Maybe ... you will need to decrease the sigma on some restraints to keep
the model in order. For example, for SIMU restraints the default of
0.1 is probably to loose and should be set to something between, let's say
0.05 and 0.02. This will probably lead to an increase in the R-value,
but may be benefical to your free R-value (and you model :-)).
Q35:
After a few small changes, my refinement jobs against 0.83 A data all
over sudden always blow up with an error message ** REFINEMENT UNSTABLE **. How can I fix this ?
In many cases, unstable refinements are difficult to fix.
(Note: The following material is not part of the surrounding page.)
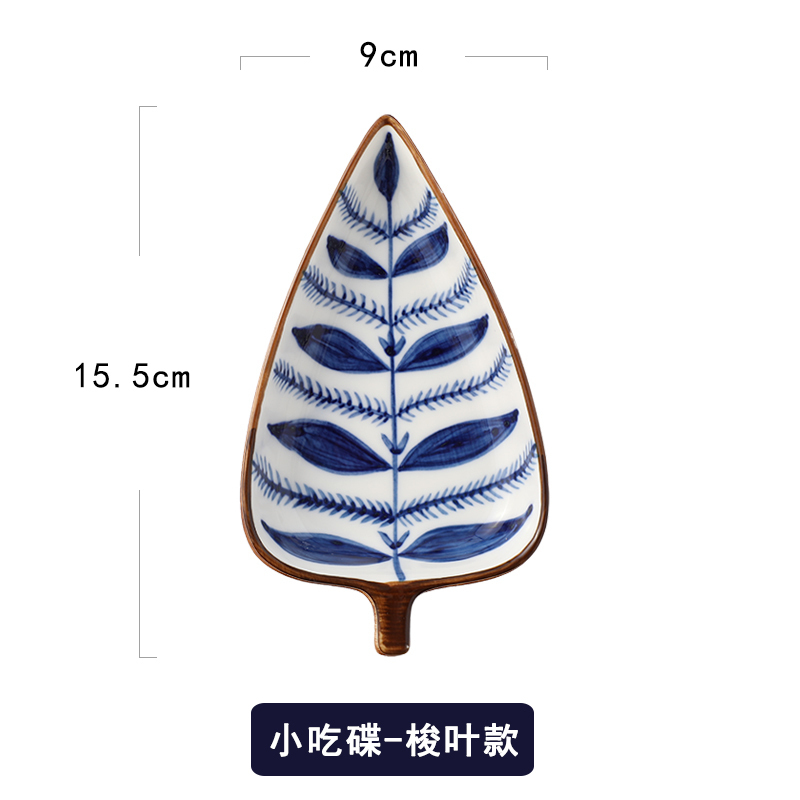家柏饰(CORATED)日式陶瓷调味碟套装餐厅酱油醋碟拼盘碟子分格盘零食小吃盘点心盘 斑点高清大图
Sometimes removing the atoms giving rise to the maximum
shifts will improve things. If this does not work, I normally
use a STIR instruction of, let's say, STIR 1.1 0.05. This
has helped in most cases.
Q36:
SHELXL complains that that I have too many atoms on a single SIMU/DELU
instructions. What can I do ?
George:
This limit is more or less impossible to increase, but you can simply
split the offending DELU (and possibly SIMU) instructions, e.g.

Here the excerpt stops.